---------- Records ----------

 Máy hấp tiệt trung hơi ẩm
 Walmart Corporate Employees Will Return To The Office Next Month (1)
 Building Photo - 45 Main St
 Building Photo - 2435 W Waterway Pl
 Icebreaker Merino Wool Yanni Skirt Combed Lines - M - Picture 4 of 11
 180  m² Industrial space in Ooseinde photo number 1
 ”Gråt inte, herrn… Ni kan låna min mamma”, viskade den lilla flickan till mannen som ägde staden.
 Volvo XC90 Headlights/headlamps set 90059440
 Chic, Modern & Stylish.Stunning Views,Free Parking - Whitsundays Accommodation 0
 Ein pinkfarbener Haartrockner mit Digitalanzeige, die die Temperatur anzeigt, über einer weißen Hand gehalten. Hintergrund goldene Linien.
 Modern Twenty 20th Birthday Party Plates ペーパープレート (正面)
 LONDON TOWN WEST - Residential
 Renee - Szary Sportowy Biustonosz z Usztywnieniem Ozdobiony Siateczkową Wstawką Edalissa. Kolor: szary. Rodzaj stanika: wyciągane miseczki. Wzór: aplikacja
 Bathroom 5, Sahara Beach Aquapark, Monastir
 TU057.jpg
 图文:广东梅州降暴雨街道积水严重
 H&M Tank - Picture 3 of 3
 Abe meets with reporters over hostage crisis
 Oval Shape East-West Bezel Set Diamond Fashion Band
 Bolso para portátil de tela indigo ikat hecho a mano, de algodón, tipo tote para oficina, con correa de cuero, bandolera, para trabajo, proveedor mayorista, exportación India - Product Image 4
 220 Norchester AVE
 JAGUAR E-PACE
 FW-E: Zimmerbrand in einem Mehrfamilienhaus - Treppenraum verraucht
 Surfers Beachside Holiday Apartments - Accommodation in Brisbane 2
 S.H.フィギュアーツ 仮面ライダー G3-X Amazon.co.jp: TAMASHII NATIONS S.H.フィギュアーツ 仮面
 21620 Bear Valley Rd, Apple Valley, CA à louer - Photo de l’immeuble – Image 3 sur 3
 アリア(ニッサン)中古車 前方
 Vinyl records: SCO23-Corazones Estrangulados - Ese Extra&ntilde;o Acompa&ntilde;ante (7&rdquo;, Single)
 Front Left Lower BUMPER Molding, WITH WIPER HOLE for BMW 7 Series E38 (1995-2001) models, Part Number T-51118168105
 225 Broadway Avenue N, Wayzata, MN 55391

----------

▸ Work order:
Which lines of the listing contain the word "Modern"? Copy each of them.

▸ Response:
 Chic, Modern & Stylish.Stunning Views,Free Parking - Whitsundays Accommodation 0
 Modern Twenty 20th Birthday Party Plates ペーパープレート (正面)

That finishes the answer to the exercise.